The Urban Land Paper Series: Volume 1
In July 2014, Sbu Zikode of Abahlali baseMjondolo delivered a damning indictment against the post-apartheid government that gave insight to the experiences and reality of many poor urban dwellers. He pointed out that, after two decades of being ‘free’, freedom remained a dream for those in cities without access to land and its benefit . He highlighted the frustration and exclusion felt by people who continue to struggle on a daily basis for access to shelter, services and the benefits of the city. The overwhelming sentiment expressed was that government does not seem to be interested in the plight of poor urban dwellers who are evicted and persecuted. The Natives Land Act (No. 27 of 1903) effectively prohibited black people from owning land in South Africa, limiting them to 7% of the land on reserves. The effect was crippling for people whose livelihoods depended on land for farming and cattle, and whose culture and society were associated with land. The effects of this dispossession can be felt today, visible in the words of Zikode and among those who struggle to access land and shelter in South Africa. In removing black people’s right to own land, the Natives Land Act essentially ripped out the soul of the nation. Therefore, a transformation agenda cannot be complete without reclaiming and restoring the dignity, identity and legitimacy of black Africans, which is intimately connected to the land agenda. These and other reasons make the land issue highly emotive in South Africa, where it is tied up in the history of dispossession and oppression.
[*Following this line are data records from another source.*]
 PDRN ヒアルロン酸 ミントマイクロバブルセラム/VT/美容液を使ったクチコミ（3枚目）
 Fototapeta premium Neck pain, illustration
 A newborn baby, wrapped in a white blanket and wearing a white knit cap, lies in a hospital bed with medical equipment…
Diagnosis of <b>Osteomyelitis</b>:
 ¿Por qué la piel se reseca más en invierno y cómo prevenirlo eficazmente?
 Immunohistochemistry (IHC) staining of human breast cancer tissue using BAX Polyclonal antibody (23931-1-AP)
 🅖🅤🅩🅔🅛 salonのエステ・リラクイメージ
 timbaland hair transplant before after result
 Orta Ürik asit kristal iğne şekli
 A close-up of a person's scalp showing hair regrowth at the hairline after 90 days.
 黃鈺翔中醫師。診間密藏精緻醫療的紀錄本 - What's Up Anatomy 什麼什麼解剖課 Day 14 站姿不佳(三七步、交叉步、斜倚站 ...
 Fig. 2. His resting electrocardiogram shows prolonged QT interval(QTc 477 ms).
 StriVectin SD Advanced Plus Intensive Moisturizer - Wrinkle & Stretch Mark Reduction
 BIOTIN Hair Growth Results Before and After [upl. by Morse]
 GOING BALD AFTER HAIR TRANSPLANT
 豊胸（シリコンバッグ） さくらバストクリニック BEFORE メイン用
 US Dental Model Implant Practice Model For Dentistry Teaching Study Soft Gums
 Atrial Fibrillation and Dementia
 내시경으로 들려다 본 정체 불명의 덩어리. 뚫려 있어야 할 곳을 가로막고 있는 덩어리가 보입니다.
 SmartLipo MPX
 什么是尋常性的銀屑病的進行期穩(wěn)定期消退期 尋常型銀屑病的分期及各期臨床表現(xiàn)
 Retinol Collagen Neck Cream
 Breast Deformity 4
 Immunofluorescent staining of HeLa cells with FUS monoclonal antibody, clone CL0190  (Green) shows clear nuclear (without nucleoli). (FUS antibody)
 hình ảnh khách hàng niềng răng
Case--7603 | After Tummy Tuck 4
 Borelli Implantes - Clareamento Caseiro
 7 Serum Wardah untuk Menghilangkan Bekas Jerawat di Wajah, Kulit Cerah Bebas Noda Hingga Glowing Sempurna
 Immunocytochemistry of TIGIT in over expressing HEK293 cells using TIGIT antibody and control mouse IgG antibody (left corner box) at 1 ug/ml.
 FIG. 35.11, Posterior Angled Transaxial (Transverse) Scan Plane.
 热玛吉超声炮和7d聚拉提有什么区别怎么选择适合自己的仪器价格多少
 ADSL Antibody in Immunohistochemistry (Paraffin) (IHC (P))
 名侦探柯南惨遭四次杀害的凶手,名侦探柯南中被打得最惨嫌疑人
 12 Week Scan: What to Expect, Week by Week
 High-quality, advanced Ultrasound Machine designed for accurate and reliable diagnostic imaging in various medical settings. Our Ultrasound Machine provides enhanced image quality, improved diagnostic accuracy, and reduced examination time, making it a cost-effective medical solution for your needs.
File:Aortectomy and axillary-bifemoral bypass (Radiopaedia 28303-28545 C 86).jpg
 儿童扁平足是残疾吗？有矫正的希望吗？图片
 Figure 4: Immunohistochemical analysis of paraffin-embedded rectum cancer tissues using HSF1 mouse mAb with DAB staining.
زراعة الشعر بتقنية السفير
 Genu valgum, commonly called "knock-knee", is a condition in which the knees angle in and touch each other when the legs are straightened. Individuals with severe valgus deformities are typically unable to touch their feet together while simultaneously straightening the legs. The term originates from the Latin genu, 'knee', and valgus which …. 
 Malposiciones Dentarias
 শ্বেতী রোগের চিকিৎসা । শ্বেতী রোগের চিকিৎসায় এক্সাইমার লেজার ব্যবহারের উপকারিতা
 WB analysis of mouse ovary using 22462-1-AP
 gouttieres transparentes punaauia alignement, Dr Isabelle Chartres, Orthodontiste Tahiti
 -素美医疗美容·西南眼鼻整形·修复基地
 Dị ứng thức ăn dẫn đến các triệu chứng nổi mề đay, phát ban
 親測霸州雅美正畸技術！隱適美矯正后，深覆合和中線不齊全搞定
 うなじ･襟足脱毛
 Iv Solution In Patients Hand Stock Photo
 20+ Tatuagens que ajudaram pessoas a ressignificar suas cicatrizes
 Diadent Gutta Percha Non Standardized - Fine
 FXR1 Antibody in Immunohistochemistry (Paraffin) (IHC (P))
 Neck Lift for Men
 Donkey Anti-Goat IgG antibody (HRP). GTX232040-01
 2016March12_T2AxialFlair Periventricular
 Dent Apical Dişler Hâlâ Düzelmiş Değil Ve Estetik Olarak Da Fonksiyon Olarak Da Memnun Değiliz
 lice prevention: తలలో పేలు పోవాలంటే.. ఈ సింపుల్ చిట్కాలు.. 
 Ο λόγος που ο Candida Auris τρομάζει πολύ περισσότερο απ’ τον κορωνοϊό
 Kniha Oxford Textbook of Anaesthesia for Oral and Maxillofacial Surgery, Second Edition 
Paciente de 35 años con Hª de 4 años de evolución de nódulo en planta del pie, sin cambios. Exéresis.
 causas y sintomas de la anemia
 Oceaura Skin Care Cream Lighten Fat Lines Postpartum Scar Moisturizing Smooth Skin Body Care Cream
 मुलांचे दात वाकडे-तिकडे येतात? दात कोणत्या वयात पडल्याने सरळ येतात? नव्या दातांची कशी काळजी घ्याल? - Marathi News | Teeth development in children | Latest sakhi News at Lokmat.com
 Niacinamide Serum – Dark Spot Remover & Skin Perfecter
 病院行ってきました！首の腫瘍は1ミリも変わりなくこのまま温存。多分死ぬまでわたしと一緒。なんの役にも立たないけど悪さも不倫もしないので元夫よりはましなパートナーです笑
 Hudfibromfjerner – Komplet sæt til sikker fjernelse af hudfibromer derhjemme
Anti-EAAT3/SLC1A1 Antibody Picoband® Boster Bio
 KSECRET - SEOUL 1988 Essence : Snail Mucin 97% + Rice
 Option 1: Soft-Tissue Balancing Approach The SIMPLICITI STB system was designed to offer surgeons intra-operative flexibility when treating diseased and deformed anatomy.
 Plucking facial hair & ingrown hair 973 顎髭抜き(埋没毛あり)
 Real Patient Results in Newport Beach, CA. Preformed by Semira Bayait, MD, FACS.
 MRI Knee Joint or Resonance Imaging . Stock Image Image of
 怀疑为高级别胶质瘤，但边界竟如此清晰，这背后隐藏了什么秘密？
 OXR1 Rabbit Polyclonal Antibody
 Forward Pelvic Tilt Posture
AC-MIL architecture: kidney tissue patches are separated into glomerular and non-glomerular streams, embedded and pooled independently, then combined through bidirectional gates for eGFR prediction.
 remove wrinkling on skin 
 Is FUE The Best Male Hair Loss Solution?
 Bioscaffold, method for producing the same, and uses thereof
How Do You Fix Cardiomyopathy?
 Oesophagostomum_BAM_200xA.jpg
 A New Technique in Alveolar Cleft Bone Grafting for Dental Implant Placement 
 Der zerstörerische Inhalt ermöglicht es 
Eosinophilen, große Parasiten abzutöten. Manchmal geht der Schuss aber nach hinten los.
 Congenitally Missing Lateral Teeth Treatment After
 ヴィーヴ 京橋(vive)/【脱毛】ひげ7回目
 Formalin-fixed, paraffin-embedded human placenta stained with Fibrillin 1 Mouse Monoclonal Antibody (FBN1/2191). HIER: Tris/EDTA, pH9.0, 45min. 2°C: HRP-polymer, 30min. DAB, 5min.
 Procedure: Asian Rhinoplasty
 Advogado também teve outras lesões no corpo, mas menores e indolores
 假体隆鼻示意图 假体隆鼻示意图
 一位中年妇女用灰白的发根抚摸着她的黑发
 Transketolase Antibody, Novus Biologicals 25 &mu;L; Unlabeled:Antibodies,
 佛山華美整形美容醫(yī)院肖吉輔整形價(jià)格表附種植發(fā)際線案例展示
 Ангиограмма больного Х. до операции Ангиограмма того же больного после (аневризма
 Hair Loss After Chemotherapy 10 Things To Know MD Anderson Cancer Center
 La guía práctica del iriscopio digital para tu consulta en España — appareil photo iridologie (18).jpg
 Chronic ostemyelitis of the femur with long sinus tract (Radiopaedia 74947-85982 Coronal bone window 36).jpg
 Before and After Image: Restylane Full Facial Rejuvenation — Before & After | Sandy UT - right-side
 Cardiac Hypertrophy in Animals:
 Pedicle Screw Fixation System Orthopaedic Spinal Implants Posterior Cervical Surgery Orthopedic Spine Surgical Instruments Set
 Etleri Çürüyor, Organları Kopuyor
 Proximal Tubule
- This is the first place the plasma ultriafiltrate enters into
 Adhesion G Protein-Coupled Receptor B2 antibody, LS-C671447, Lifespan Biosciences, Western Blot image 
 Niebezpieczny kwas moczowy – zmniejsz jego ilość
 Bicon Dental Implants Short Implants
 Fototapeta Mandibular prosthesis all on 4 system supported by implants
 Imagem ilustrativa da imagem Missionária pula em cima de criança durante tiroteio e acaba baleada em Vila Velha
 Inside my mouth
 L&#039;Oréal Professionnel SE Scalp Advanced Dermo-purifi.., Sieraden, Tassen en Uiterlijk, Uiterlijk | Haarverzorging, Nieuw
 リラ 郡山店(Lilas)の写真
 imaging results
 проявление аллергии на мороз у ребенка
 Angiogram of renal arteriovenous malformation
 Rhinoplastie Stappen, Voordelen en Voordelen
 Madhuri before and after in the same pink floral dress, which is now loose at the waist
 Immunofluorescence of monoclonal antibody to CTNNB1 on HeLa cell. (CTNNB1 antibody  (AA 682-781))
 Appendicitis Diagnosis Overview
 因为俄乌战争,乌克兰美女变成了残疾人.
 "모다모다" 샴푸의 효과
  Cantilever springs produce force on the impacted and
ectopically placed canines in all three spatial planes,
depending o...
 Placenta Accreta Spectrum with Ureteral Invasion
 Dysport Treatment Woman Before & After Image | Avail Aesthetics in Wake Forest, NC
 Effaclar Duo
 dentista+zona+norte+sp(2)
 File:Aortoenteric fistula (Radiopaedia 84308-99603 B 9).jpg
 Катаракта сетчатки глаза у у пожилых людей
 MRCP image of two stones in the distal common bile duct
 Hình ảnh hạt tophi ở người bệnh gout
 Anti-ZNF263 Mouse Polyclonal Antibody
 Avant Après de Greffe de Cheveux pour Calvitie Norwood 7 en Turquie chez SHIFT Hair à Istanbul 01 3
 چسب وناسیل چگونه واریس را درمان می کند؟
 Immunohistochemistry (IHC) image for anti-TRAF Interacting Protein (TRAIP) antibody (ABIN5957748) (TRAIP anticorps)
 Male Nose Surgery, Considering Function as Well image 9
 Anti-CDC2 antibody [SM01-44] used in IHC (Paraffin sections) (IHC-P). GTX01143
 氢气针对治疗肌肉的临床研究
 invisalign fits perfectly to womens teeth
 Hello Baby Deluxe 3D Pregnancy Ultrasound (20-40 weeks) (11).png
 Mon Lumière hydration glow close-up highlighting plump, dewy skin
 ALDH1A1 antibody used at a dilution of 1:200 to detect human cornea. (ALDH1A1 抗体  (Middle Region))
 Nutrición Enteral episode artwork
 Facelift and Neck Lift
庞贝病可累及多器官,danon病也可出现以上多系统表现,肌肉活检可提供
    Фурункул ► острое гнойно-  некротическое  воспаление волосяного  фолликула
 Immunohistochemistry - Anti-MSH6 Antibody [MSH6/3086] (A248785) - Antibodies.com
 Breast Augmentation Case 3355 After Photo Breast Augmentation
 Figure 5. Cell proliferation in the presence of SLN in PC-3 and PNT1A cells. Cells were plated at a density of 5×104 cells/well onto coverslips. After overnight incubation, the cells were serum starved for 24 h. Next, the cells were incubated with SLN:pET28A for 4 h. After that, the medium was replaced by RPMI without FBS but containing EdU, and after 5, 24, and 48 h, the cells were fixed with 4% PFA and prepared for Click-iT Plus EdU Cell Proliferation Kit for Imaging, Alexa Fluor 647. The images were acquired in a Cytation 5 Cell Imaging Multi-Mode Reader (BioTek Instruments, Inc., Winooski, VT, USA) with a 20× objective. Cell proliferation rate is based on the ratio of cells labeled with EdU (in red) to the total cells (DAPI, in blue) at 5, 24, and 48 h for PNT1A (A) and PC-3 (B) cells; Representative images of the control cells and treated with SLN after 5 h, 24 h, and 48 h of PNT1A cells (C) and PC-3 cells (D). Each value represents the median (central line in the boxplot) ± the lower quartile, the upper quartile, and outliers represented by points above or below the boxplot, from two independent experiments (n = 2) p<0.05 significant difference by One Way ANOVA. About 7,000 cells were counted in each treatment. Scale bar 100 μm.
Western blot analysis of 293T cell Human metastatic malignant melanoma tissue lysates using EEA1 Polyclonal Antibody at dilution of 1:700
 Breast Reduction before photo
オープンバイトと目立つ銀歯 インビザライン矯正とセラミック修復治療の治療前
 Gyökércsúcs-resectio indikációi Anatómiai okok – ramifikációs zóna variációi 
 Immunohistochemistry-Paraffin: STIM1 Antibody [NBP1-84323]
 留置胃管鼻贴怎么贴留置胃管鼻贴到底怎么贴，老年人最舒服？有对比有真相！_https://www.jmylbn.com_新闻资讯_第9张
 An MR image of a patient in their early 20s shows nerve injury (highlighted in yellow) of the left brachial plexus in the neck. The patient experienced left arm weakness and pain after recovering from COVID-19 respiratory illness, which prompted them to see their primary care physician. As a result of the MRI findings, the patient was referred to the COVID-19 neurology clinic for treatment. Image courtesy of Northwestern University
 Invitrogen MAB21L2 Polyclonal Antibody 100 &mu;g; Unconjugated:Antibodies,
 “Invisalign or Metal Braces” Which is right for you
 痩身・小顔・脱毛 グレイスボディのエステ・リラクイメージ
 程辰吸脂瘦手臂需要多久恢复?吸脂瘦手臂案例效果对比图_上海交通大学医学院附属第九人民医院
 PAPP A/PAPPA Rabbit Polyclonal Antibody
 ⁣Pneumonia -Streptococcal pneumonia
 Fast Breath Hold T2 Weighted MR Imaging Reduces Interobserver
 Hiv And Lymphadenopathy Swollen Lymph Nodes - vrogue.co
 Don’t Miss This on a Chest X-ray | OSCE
A small elite continues to own land, although the extent of this ownership is not clear. Government owns huge portions of land, which is often used inefficiently, despite the great need (and demand) for land to be used for shelter, economic activity, infrastructure development etc.
This land series explores the debates and processes related to land in South African cities. Ultimately, it provides a deeper insight for government as a whole, and local government in particular, in order to enable a restorative, just, equitable and sustainable developmental outcome.